En vue de la réalisation d'une extension avec aménagement d'une pièce d'habitation en sous-sol, ils en ont confié':
- la maîtrise d'oeuvre à M. [B] [V], architecte, suivant acte du 7 juillet 2007,
- et les travaux de maçonnerie à la société [N] [W], suivant devis du 16 mai 2008.
Les travaux ont été réceptionnés sans réserves le 19 mars 2009.
Postérieurement, des infiltrations sont apparues dans le sous-sol.

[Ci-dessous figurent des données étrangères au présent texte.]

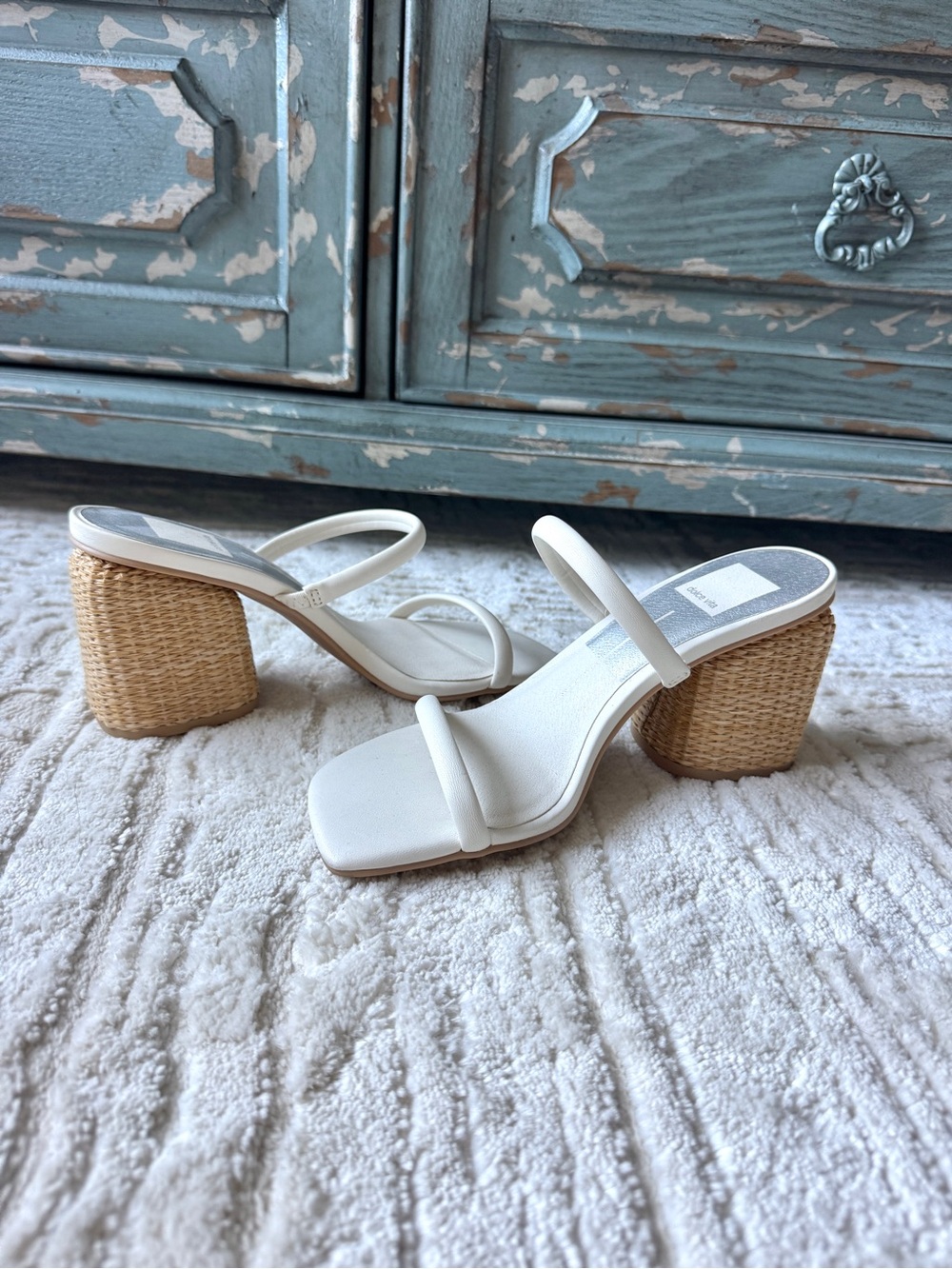 Dolce Vita White Strappy Woven Block Heel Sandals Y2K / vintage 90’s Mules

Suivant protocole amiable en date du 16 mai 2014, M. [Y], M. [V] ainsi que la société [N] [W] ont conclu un accord aux termes duquel l'architecte et le maçon ont accepté de prendre en charge, respectivement à hauteur de 60'% et de 40'%, le coût des travaux de reprise estimés à 12.143,45 € suivant devis établi par la société Visa BTP le 15 avril 2014.
En contrepartie de cette prise en charge, le maître de l'ouvrage s'est déclaré intégralement satisfait et rempli de ses droits à raison des dommages objet de la transaction, et a renoncé à toute action et réclamation ultérieure du fait desdits dommages ou de leurs conséquences.
En dépit de ces travaux, les infiltrations ont persisté, conduisant les époux [Y] à réclamer à s'adresser de nouveau à l'architecte et au maçon pour réclamer la mise en 'uvre d'une solution efficace et pérenne.
En l'absence d'accord, les époux [Y] ont obtenu en référé la désignation d'un expert judiciaire, qui a déposé son rapport définitif le 28 avril 2020.
Ils ont alors fait assigner M. [V], la société [N] [W] et la MAAF, assureur de celle-ci, enfin la société Visa TP, devant le tribunal judiciaire de Caen aux fins de les voir condamner in solidum au paiement d'une somme de 85.500 € correspondant au coût des travaux de reprise préconisés par l'expert.
L'architecte d'une part, le maçon et son assureur d'autre part, ont saisi le juge de la mise en état d'un incident tendant à voir déclarer les époux [Y] irrecevables en toutes demandes dirigées à leur encontre, se prévalant en effet du protocole d'accord transactionnel mettant fin, selon eux, à tout litige du chef des désordres ayant donné lieu aux travaux réparatoires.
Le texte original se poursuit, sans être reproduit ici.